Out and About

Hustlers review: Strippers, drugs and JLo

Hustlers checks every box you want. It's fun, it's funny, and it might very well be Jennifer Lopez's best role since she was locked in a trunk with George Clooney.

Posted Updated

By
Demetri Ravanos, Out
and
About contributor
RALEIGH, N.C. — Man, it has been a while since I have written about a movie. That is because with the Mission Valley Cinemas closing, the Triangle is having something of a crisis when it comes to theaters that can accommodate free preview screenings. Dine and recline theaters are great, but they are off limits to the studios for these events.
Those aren’t your problems though. You’re hear to find out if the JLo movie about stripper gangsters is any good. Let’s talk about Hustlers!

The movie starts in 2007 and follows the story of Dorothy (Crazy Rich Asians’ Constance Wu), a woman who turns to stripping to pay her bills and take care of her grandmother. She is beautiful, but can’t really dance and doesn’t really know how to manipulate men into parting with their cash.

That is where Ramona (Jennifer Lopez) comes in. We’re introduced to her with a pole dance number set to Fiona Apple’s “Criminal,” a song which should have a much better strip club presence. Ramona is the skilled veteran who knows every move on a pole and on a customer’s lap. She takes a liking to Dorothy and offers to partner up in an effort to help Dorothy make more money.

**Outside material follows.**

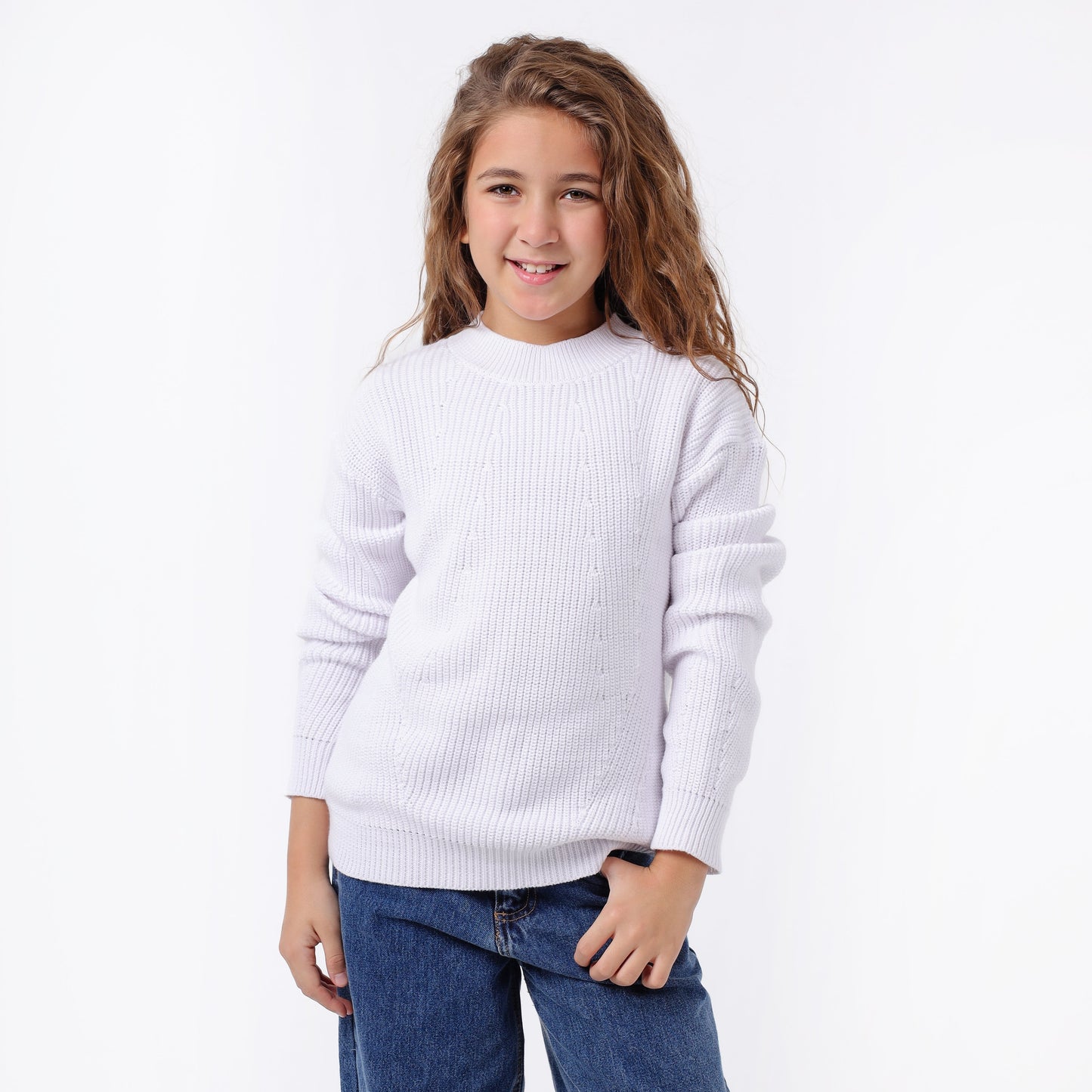 Girls Crew Neck Knit Sweater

Soon, they are both taking home stacks of bills every night. Everything is taken care of. The club is thriving and so are they. Then the 2008 recession hits. It is an interesting turn in the plot of the movie. Not only does it get us to the more interesting parts of this story, but it also paints a picture of the trickle down effect that crash had. When you are a stripper at a club just off of Wall Street, it makes sense that business dries up when the market bottoms out.

The club survives, but most of the dancers go their own way. That is when Ramona and two former dancers (played respectively by Star’s Keke Palmer and Riverdale’s Lili Reinhart) come up with a plan to use MDMA and Ketamine as a sort of mind-erasing happy drug. They won’t be strippers anymore. They will be party girls, promoters that get men mind-altered drunk and convince them to spend like high rollers at a strip club. The girls and the club split the overall bill 50/50. Dorothy is eventually roped into the scheme as well and we have a crime family made up exclusively of sexy women.

I have to give credit to director and screenwriter Lorene Scafaria, Hustlers is legitimately funny and most of the humor comes from the script zagging right when it seemed like it was zigging too hard into taking itself seriously. There is a scene featuring Dorothy and Ramona testing their product that in an instant goes from eye-roll inducing to hilarious.

The script is also pretty complex. If you have friends or a significant other put off by the idea of going to see a movie about strippers, know that this isn’t Showgirls or even Striptease. At times, Hustlers feels like A Chorus Line. The “oh I hope I’m good enough” nature of those kinds of stories gives way to something akin to 2018’s Widows as we get into the crime spree at the heart of the story. There are even times when it feels like Hustlers is parodying that sketch Lisa Kudrow did at the MTV Movie Awards where the premise was every 90s girl power movie had to feature a scene where multiple women danced around in a kitchen while lip-syncing into a spatula. You should look this up. It was brilliant.

Overall the cast is strong. The only one I wasn’t all in on was Wu in the lead role. It’s not that she was bad by any means. I am just not sure when we decided the mom from Fresh Off the Boat was the wide-eyed innocent through which the audience would see every story Hollywood wanted to tell. I feel like there was a better choice there.

Hustlers is a pretty ideal September movie for a lot of reasons. First, crime capers are always fun. Second, the victims in this movies are all of the jerks that treated these women like garbage when they were strippers, so the revenge fantasy is alive and well. Finally, this is like a perfect comeback vehicle for Lopez. Sure, she has gotten work in recent years, but all of her projects have been stuff like her cop show Shades of Blue or last year’s Second Act with Leah Remini. They’re the kind of things that are fine, I guess, but really who cares? You forget about them the second you turn them off.

Hustlers checks every box you want. It’s fun, it’s funny, and it might very well be Jennifer Lopez’s best role since she was locked in a trunk with George Clooney.

Demetri Ravanos is a member of the N.C. Film Critics Association and has reviewed movies for Raleigh and Company, Military1.com and The Alan Kabel Radio Network.